Redacción
Entrevista Ángel Mendoza
Tengo entendido que has trabajado en varias
ediciones aniversarias
Sí, en cinco.
Tu cargo dentro de la empresa es el de diseño,
¿no?
No, yo soy periodista, yo no soy diseñador.
¿Y no trabajas con lo
que es la edición de los diseños?
No para nada… Lo que pasa es que aquí el trabajo creativo es
muy de equipo entonces uno sugiere cosas pero quien se encarga del diseño es el
Jefe de Diseño que en este caso es José Serrudo. Yo he estado en las cinco
ediciones que he participado ha sido como periodista.
¿Trabajaste en Venezuela es Una Nota?
Si, también estuve ahí…
¿Te ofreciste como
voluntario para las pautas, te asignaron el tema?
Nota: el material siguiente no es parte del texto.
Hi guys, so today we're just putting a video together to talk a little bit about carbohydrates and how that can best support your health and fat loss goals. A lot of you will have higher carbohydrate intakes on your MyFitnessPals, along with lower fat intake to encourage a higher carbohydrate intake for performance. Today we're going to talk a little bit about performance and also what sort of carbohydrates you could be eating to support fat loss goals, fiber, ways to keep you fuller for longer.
Lo que pasa es que en las ediciones aniversarias, se rotan
de coordinador aquí y en las dos primeras era la directora editorial la
coordinadora de las ediciones y ella me asignó los temas. Ya para las otras
traía la tradición de que había participado, entonces con la coordinadora
siguiente estuve en esas tres que me asignaron los temas también.
De los trabajos en los
que participaste, ¿cuál crees tú que fue el que más te gustó?
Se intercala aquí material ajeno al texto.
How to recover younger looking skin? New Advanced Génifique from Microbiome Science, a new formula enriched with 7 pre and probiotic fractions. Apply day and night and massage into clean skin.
Yo creo que me han gustado todas pero las últimas tres me
han gustado más. La primera me gustó mucho porque yo siempre vi las ediciones
aniversarias de Panorama, siendo
estudiante, desde niño crecí aquí en Maracaibo y las vi, y entonces fue como
algo simbólico. La primera que fue, Historias
Insólitas. La segunda también tuvo su carga emocional porque fue la de los
100 años, entonces bueno, es un periódico que cumple 100 años, notos los periódicos
llegan a eso; fue tipo revista, no se hizo en formato tradicional y en las
otras tres me involucré desde el concepto creativo, desde el concepto de
buscar, de qué vamos a hablar este año y entonces, Venezuela es una Nota, la hicimos pensando en que precisamente
estos últimos tres años han sido los más duros para el país, para todo el mundo
y entonces queríamos tener una oferta un poco más fresca de lo que presentamos
el resto de año y presentamos esa edición que fue muy musical y fue muy bien
recibida en Maracaibo, en los programas de radio los lectores, fue muy querida
la edición. La siguiente que fue la de Jueves
de TBT, esa fue la que rompió el frasco porque las ediciones aniversarias
tradicionalmente tienen un formato mucho más amplio, de página completa, textos
muy largos, de profundizar mucho y entonces en esa edición dijimos, vamos a
cambiar esto y vamos a presentar puras fotos.
Fue un formato
completamente diferente al acostumbrado…
Sí, fue diferente al acostumbrado y tiene muchas sorpresas.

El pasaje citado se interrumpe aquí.